# invertebrate tank on a budget



## zherico (Apr 9, 2009)

i am really interested in keeping an invertebrate (shrimps and snails) tank but don't have a lot of funds to start with. would like to keep it planted. Any suggestions on diy lighting over something 5 gallons or less? if you have a "nano" tank invert, what did it cost to start up? whats your water chemistry like and what were your biggest problems? basically i am just curious to see if this is something theisable or not.


----------



## oblongshrimp (Aug 8, 2006)

your best bet for a budget tank is probably a 10gal since they are the cheapest. You can just get an airpump and a sponge filter for filtration. You can use cheap playsand or sandblasting sand for the substrate. Not exactly sure what the cheapest form of lighting is and it will most likely be your largest expense. Outside the light I think you could get it done for less then $50 depending on where you get your stuff from.
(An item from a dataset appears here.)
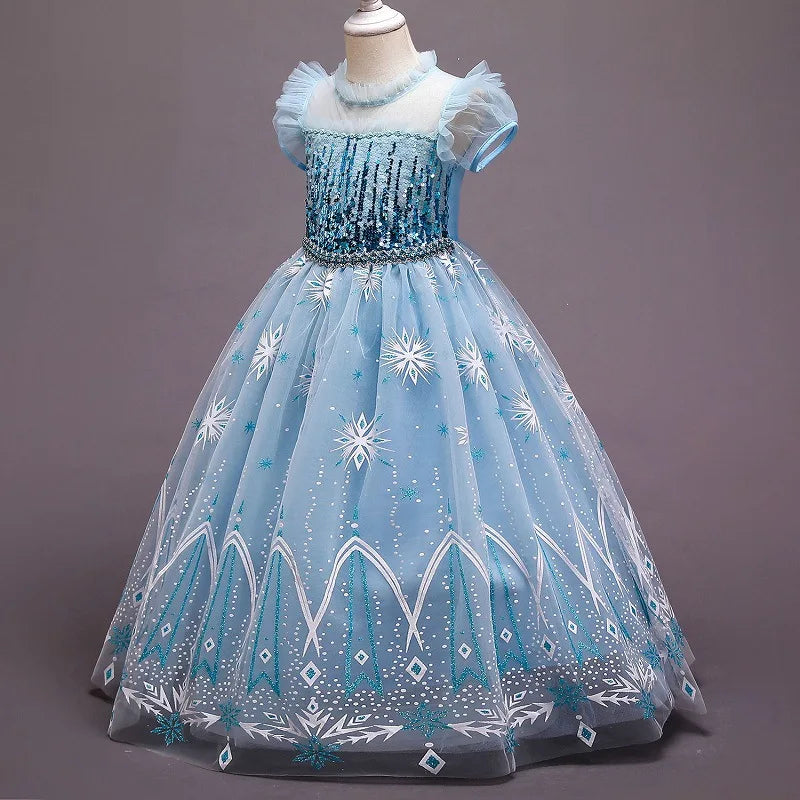Summer Girl Dress Kids Party Short Sleeve Fashion Princess Dress Little Girl Birthday Gift Christmas Clothes+Cape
If you get the stuff used you should be able to get it for much cheaper.


----------



## tex627 (Nov 2, 2008)

if you have a desk lamp laying around those will work. i use a desk lamp for my 2 gallon and im growing high light plants in there along with a hundred cherries and 20 bee shrimp. my 2 gallon setup costed 30$. i got a liter of ADA soil for free and had a desk lamp i wasn't using. let me know when you want some shrimp later. i could hook you up with cherries for 50cents each, i'll even throw in some free plants for you. in the lfs i go to the black gravel is only 40cents/pound. visit fish.com they have a lot of VERY cheap filters.


----------